SA's sides must stay 'solo'

2011-11-29 12:26

Rob Houwing

Arranged marriages in South African rugby don’t work ... there has to be a better way of fitting the Southern Kings into the Super Rugby puzzle than by merging them with the Cheetahs.

Artificial solutions, I think it is apt to say, all too often only lead to a plethora of new problems.

Finding the right way to satisfy the generally noble quest to put Eastern Cape rugby truly back on the map - by installing it into the southern hemisphere money-spinner, ideally planned from 2013 - remains a matter of great difficulty and complexity, with no easy answers right now.

That is especially since the Kings had rather a comeuppance, on their supposedly earnest road to broader recognition, during the last Currie Cup first division campaign when they were significantly eclipsed by the Boland Cavaliers who gave them respective nasty hidings (including in the final).

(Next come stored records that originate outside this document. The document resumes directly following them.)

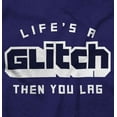 thumbnail image 2 of Life's A Glitch Then Lag Video Game Men's Graphic T Shirt Tees Brisco Brands X, 2 of 6
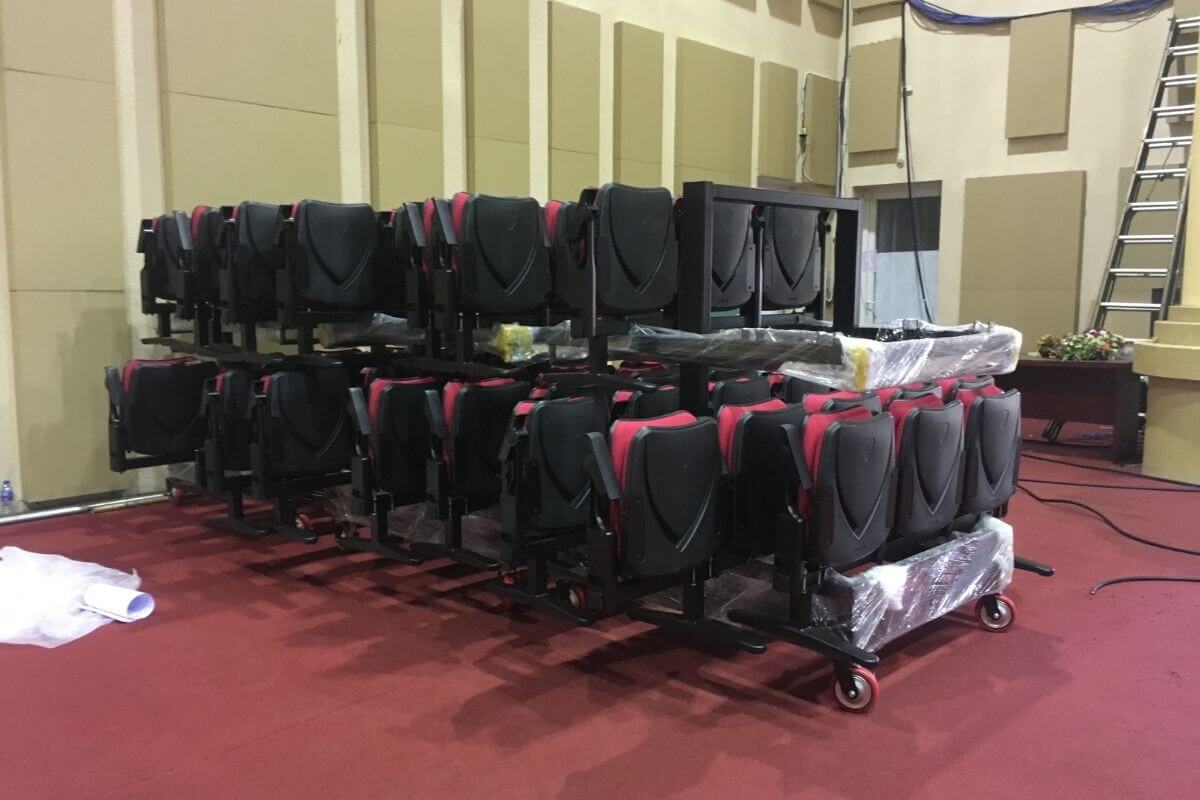 Tìm hiểu về ghế khán đài Telescopic Seating nhập khẩu Hàn Quốc 2 Ghế khán đài gấp gọn (2 Type Tip Up)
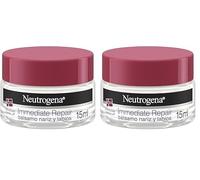 Neutrogena Fórmula Noruega Immediate Repair Bálsamo Nariz y Labios (15 ml), crema hidratante facial de rápida absorción, protector labial y nasal para labios agrietados y nariz reseca con Glicerina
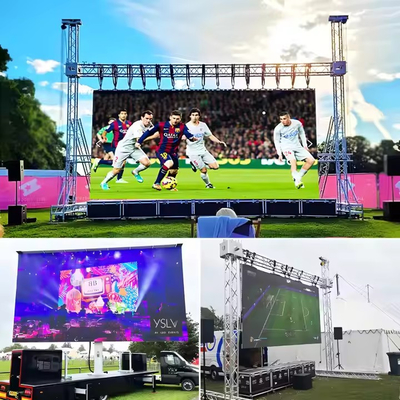 Localização exterior de aluguer de fundição por injeção de alumínio RGB LED Display P3.91 impermeável Multi-Ecrã HD flexível SMD DC5V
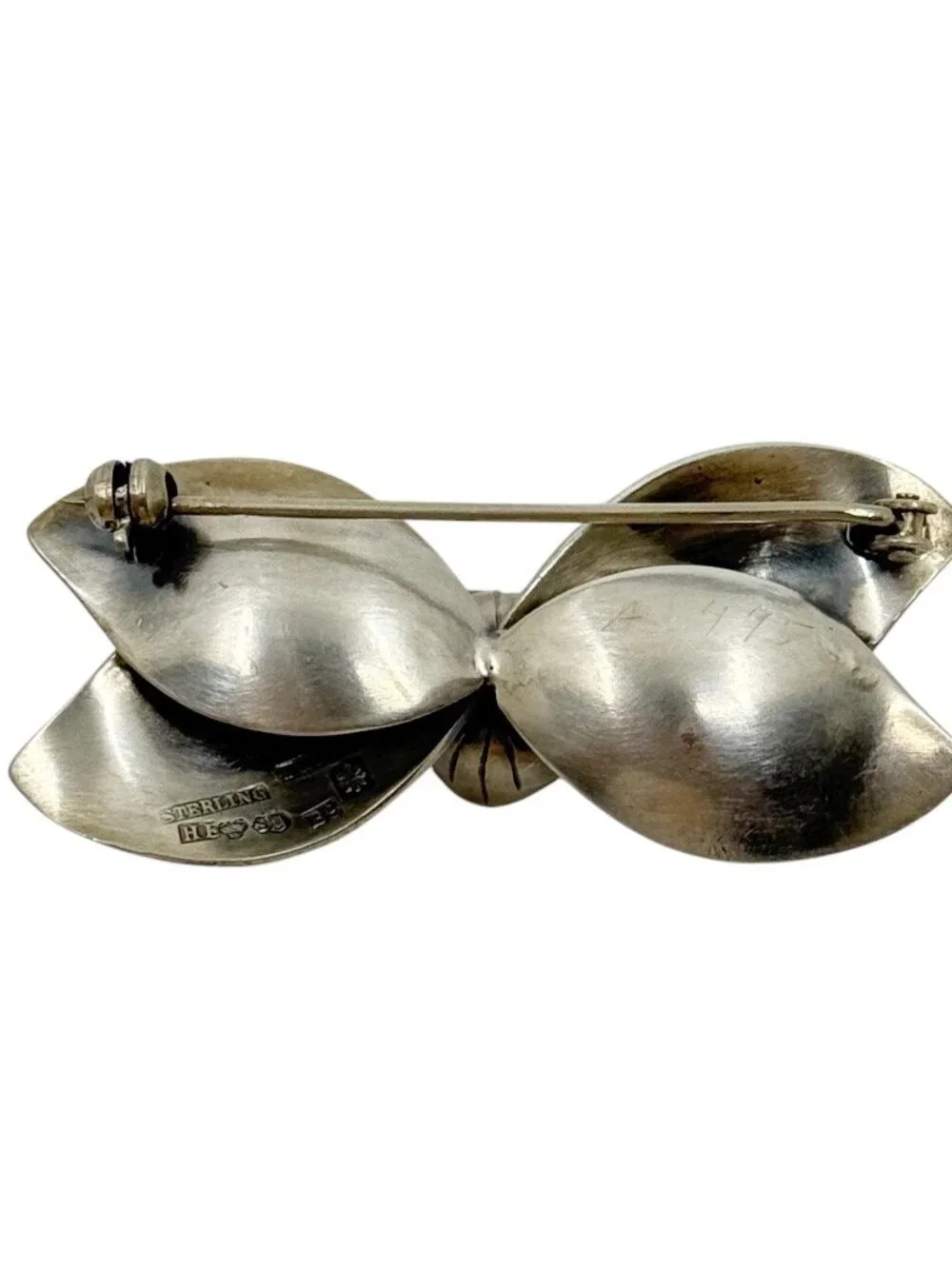 Vintage Heribert Engelbert Stigbert Sweden sterling silver flower brooch - GM125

The Kings team also didn’t blaze any particularly glorious trail in terms of transformation, which is one of the key objectives from both the region’s rugby bosses and government - the latter, of course, never hovering very far from any debate on when and how to accommodate them at a higher level.

With solutions in short supply at present, speculation has drifted toward what is arguably a crudely manufactured alliance with the Cheetahs.

Protesting, the veteran Cheetahs boss Harold Verster has already stated the glaringly obvious, logistically, in making the hardly unreasonable point that “there are few flights between Bloemfontein and Port Elizabeth and you can’t drive 650km every time”. 

So the geographical synergy is awkward, to say the least, and trying to foster a meaningful cultural bond, if you like, between the two very different rugby regions just seems a goal fraught with fruitlessness.

There have been earlier lessons in the foolhardiness of this sort of thing: the combination of the Lions and Cheetahs as the “Golden Cats” at one stage in the old Super 12 was anything but a marriage made in heaven, and the Sharks’ former status as the “Coastal Sharks” – featuring official franchise ties with Border and EP - was also riddled with pitfalls.

I remember respected Sharks and Springbok captain Gary Teichmann, while not wishing to pooh-pooh the claims of rugby advancement in those “smaller partner” areas of the time, lamenting a 1999 Sharks fixture in East London, where his semi-finalists of the previous year were unexpectedly walloped 34-18 by a Hurricanes outfit who were then the weakest New Zealand team.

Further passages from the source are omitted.